Get all your news in one place.
100's of premium titles.
One app.
Start reading
The Guardian - UK
The Guardian - UK
World
Jon Boone in Islamabad

Pakistan suspends military parade after dozens killed in suicide bomb attack

Indian troops patrol Wagah border crossing
Indian soldiers patrol Wagah border crossing. A suicide bomber targeted people leaving the flag-lowering ceremony. Photograph: Munish Sharma/Reuters

Pakistan has called off a military parade on the country’s land crossing with India following the deadly suicide bombing on Sunday that killed 55 people.

India agreed to a request to suspend the daily ritual held at the Wagah border crossing near Lahore to honour the people killed in one of the worst terrorist attacks in Pakistan for months.

In the elaborately choreographed flag-lowering ceremony, troops from both sides march around a special parade ground between the two countries before the gates on the only land-crossing point on the recognised border separating Pakistan and India are slammed shut.

On Sunday, a suicide bomber targeted the huge crowds of people as they were leaving the venue.

Police said the device used appeared to be a bomb belt studded with shrapnel, which injured more than 120 others.

Among those killed were three members of the paramilitary Rangers, who are in charge of securing the area and had received intelligence tipoffs in recent days about a possible attack.
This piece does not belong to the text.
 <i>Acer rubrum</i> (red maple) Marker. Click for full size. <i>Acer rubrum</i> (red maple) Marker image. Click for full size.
Officials said the security cordon and body searches set up to screen people entering the parade ground forced the bomber to detonate the bomb near the car park as people began leaving at the end of the ceremony.

Although Pakistan has frequently been hit by devastating terrorist attacks on markets and places of worship that have killed large numbers of civilians, violence had fallen sharply in 2014 in the wake of infighting within the Pakistani Taliban following the killing of its former leader Hakimullah Mehsud and the launch in June of a major army operation against militant safe havens in North Waziristan.
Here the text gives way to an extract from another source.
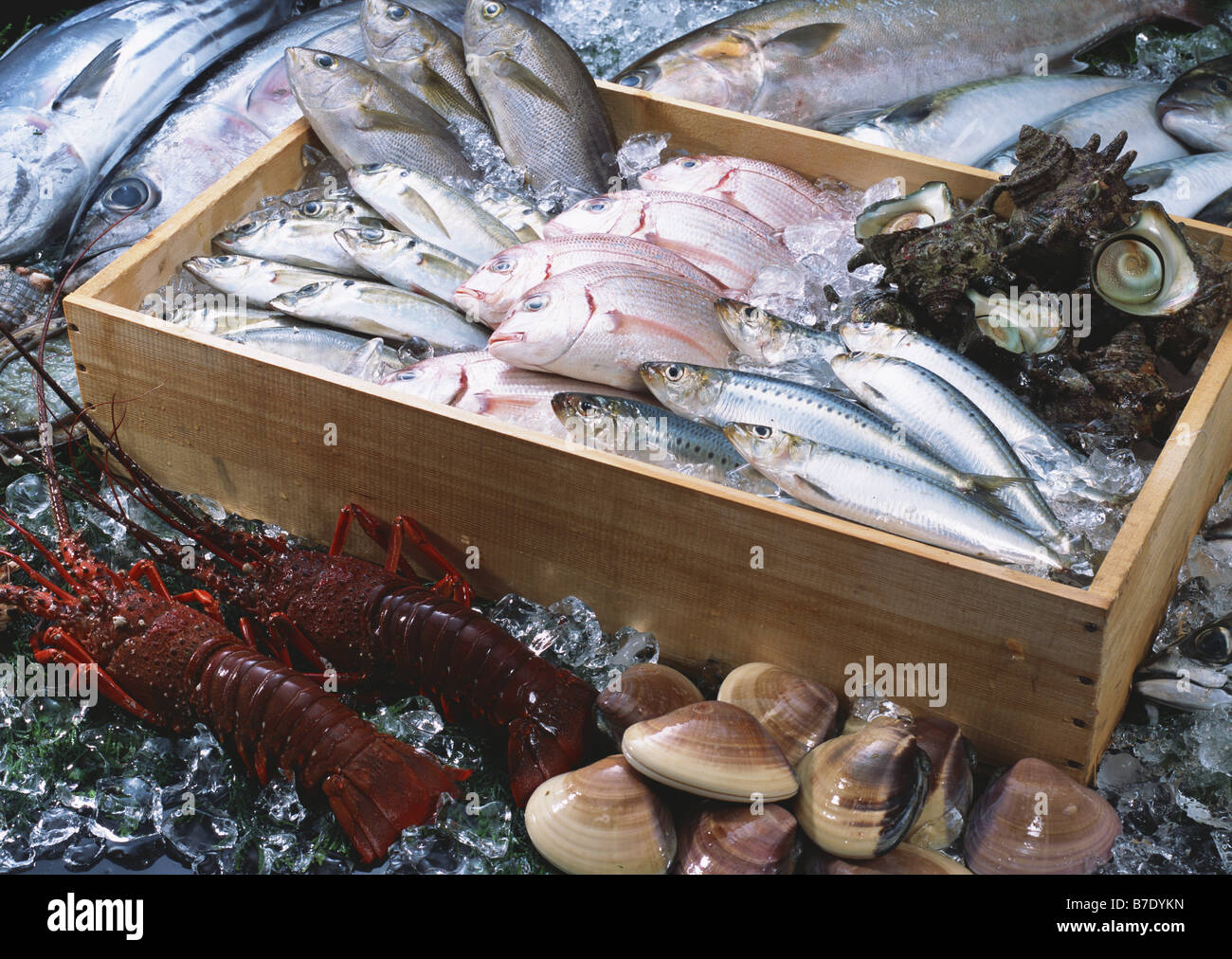 Fischereierzeugnisse Stockfoto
Sunday’s attack was also unusual for being inside Punjab, the rich, populous province that dominates Pakistan politically, rather than the north-western tribal belt.

Wagah is just 15 miles from Lahore, the home town of the prime minister, Nawaz Sharif, which has not experienced an attack on such a scale for several years.
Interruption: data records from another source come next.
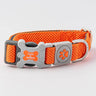 Mesh Dog Collar - Orange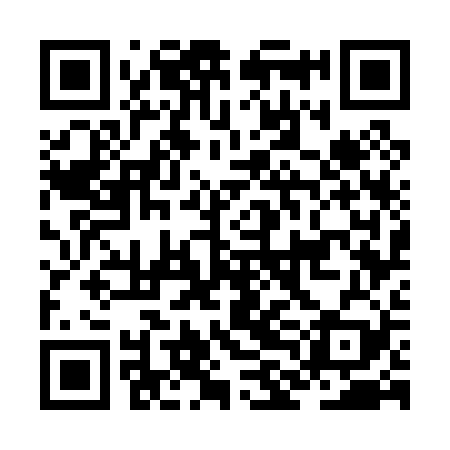 QR code for JLG029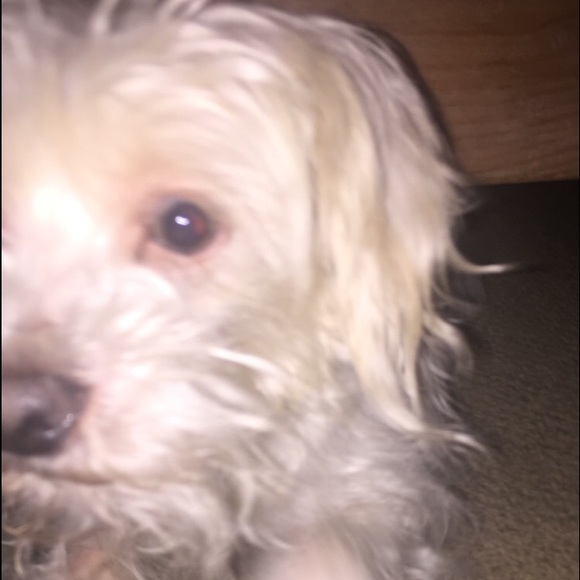 Meet your Posher, Nicole - Picture 1 of 1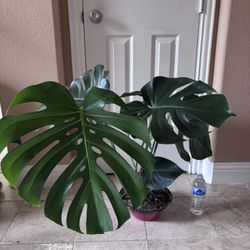 Beautiful Healthy Living House Plant - Monstera deliciosa 9 leaves
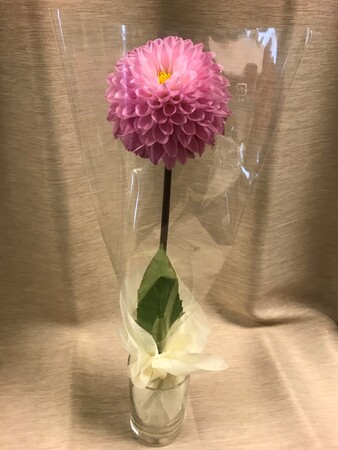 プレゼントするダリア1輪 イメージ プレゼントするダリア1輪 イメージ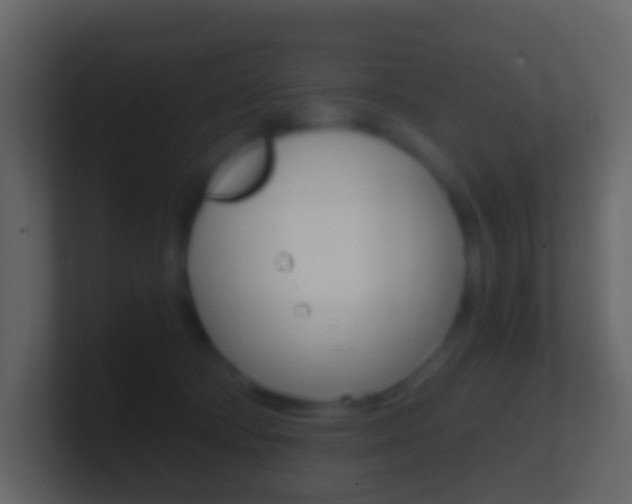 X0000101430322200807071011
Three separate groups claimed responsibility for the attack, including Jamaat ul Ahrar, one of the most formidable new groups to split away from the Pakistani Taliban this year.

In an emailed statement, the group’s spokesman promised further attacks. He said the Wagah bombing was to avenge the “killing of those innocent people who have been killed by Pakistan army, particularly of those who have been killed in North Waziristan.”

Officials said it was the first time the flag-lowering ceremony had been cancelled since Pakistan fought its third war with India in 1971.

The boisterous display of nationalism continued even during the limited war fought in Kargil in 1999 over the disputed Himalayan territory of Kashmir.

Sign up to read this article
Read news from 100's of titles, curated specifically for you.
Already a member? Sign in here
Related Stories
Top stories on inkl right now
One subscription that gives you access to news from hundreds of sites
Already a member? Sign in here
Our Picks
Fourteen days free
Download the app
One app. One membership.
100+ trusted global sources.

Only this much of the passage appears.